For the record, the "star Wars" franchise has always been close to Shyamalan's heart (see "Top 10"), and he hasn't actually seen "Clones" yet: "I'm just giving Michael s--t.". Still, the director is obsessed with understanding why audiences do the things they do. "Last year was probably the worst year for movies for me since I've been alive," he says, after settling into a leather chair. "It was the worst. The quality of movies in general. We don't have to get into specifics. And what that creates is a starvation in the audience. And, ironically, what that creates is... If they know what they're getting--like a franchise, something established--the starvation says, 'I'll take that. I'll come in droves'." "Signs" will have to earn the audience's trust. "People believe in honesty. They really do," says Shyamalan. "And integrity--all the way down to the choice of a sound effect."

He pauses and looks up at the screen, where Gibson's character is trying to calm his kids down by telling them the stories of their births. They are the stories of Shyamalan's own daughters, 5 and 2, being born. "What will come across is something pure," he continues. "Hopefully. A voice. It will be the voice of a kid who was born in India and grew up in Philly. That's the only thing I have on the 'Scooby-Doos'." Later in the week, with "Signs" minutes away from being finished, Shyamalan shoots baskets in a portable hoop in the mixing room, and jokes around some more. "Let's say I decided to do 'Pokemon 5'--would you come?" he asks Semanick, brightly. "You wouldn't come?" He turns to his film editor, Barbara Tulliver. "If I did 'Pokemon 5,' would you come? Come on! I could turn it into a metaphor for the human condition!"
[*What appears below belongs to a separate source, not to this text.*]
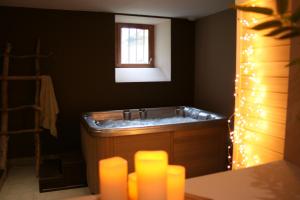 a bathroom with a tub with a window and lights at La Maison de Jeanne, maison d'hôtes in Thiézac +54 photos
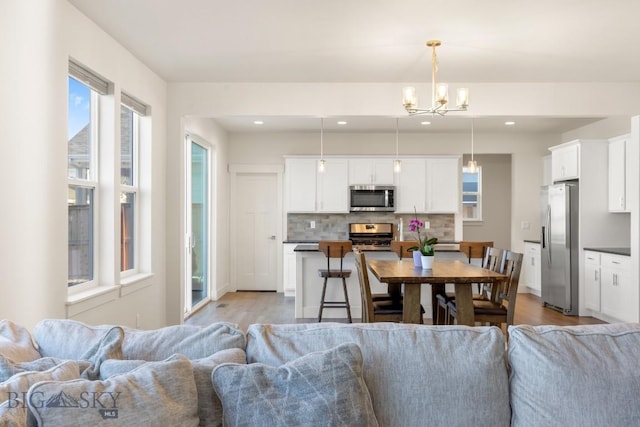 living area featuring recessed lighting, a notable chandelier, and wood finished floors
Shyamalan was born with the name Manoj in Pondicherry, India, during one of his parents' trips back home to visit family. A few months later, the Shyamalans returned to the Philadelphia suburbs, where his father, Nelliate, was a cardiologist. The director remembers being small for his age, an enormously sensitive kid scared of--well, what have you got? Everything. His family was inseparable--even today, they greet each other with a flurry of hugs and kisses, though they live only five minutes apart on the Main Line--and his mother says that whenever young Manoj had to be alone she'd call him every 30 minutes. Shyamalan was raised Hindu but sent to a Roman Catholic grade school for the discipline. Yes, he was aware of being different and other, but his memories of growing up have more to do with basketball and "Raiders of the Lost Ark." He began making his movies at 10 or so. He used an 8mm camera. He'd have to plug it into a VCR and lug the whole mess around with an extension cord.
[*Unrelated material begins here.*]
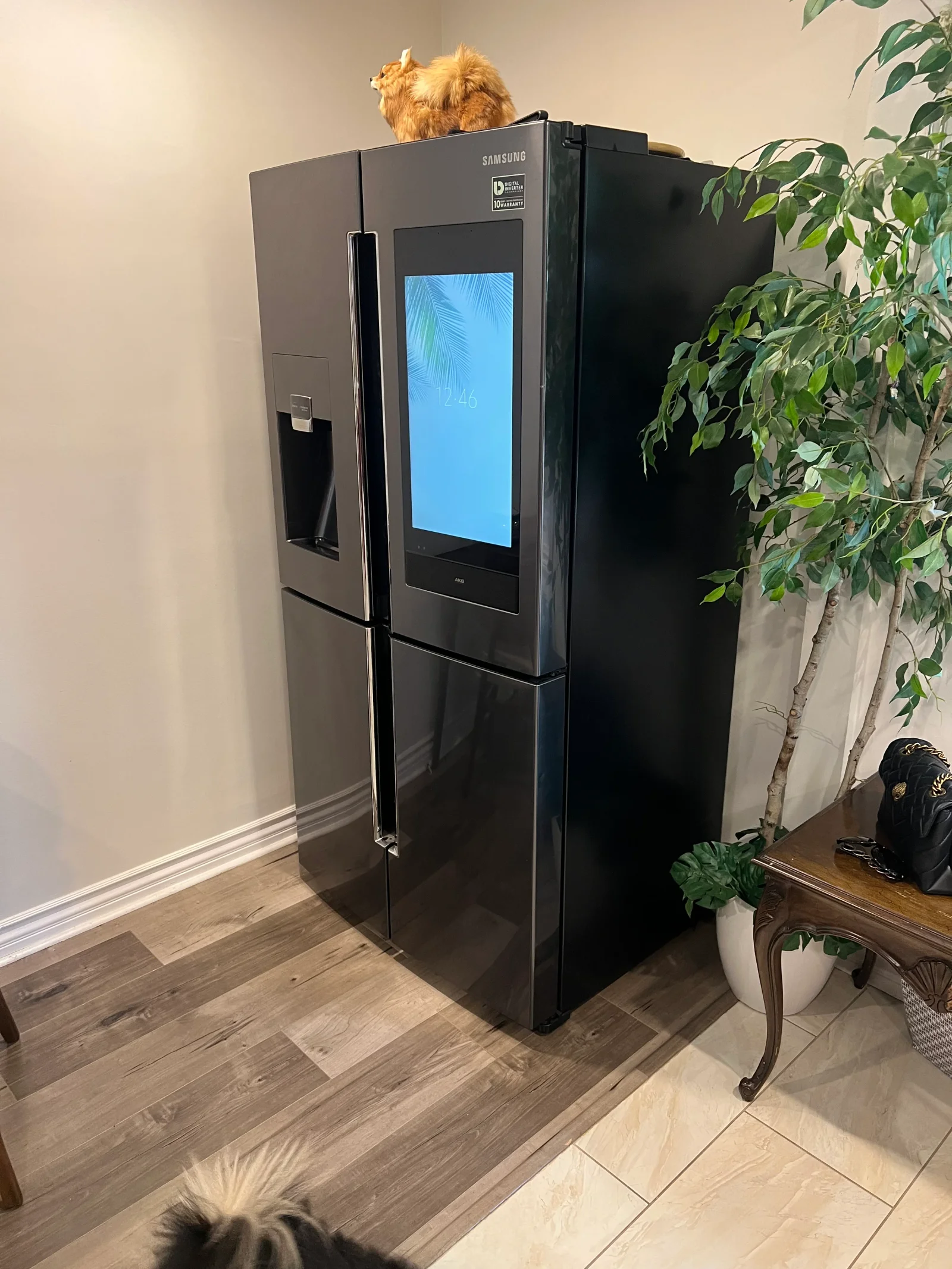 Black Samsung French-door refrigerator with smart display screen installed in kitchen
Though Shyamalan tends to be quite frank in interviews, he hesitates when he's asked something that might affect his loved ones, might encroach on their "shared history." When I ask him if he drank or dated in high school, he grins nervously. "Uh, yeah. Are you gonna tell my parents? Are you gonna write that and tell my parents?" Surely they know. "I don't think they do! You're gonna shock them. They're gonna have a heart attack!" Shyamalan is laughing now. He is tall and broad-shouldered, but he has a laugh that is so childlike it is almost a giggle. While Shyamalan was at New York University studying film, he fell hard for a fellow student named Bhavna, who's now getting a Ph.D. in child psychology. He proposed to her not long afterward with a note in a fortune cookie in a Chinese restaurant. "She was like, 'This is so weird. This says...' " He was already on his knees.

Shyamalan's first feature was an independent movie called "Praying With Anger," which grossed $7,000 and change at the box office in 1992. He shot the movie in India to save money, and actually starred, turning in an endearingly creaky performance as an American finding his roots. (These days, Shyamalan limits himself to cameos.) Because "Praying With Anger" contains not one but two star-crossed romances, I ask Shyamalan if Bhavna's parents objected to their marriage. He does not giggle. "I don't know how I can talk about that without bringing in her business and her family's business," he says. "That's a shared history." He elaborates a bit, saying that Bhavna's family was from the north of India and that his was from the south, and he was slightly younger. Those things are deal-breakers in India, of course. "But everything's cool now," he says. I ask him if he'd ever thought about giving up. "No, I'm not that kind of guy." Did she? "Probably." How did he persuade her not to? "I'm kinda hard to get off your back when I want something."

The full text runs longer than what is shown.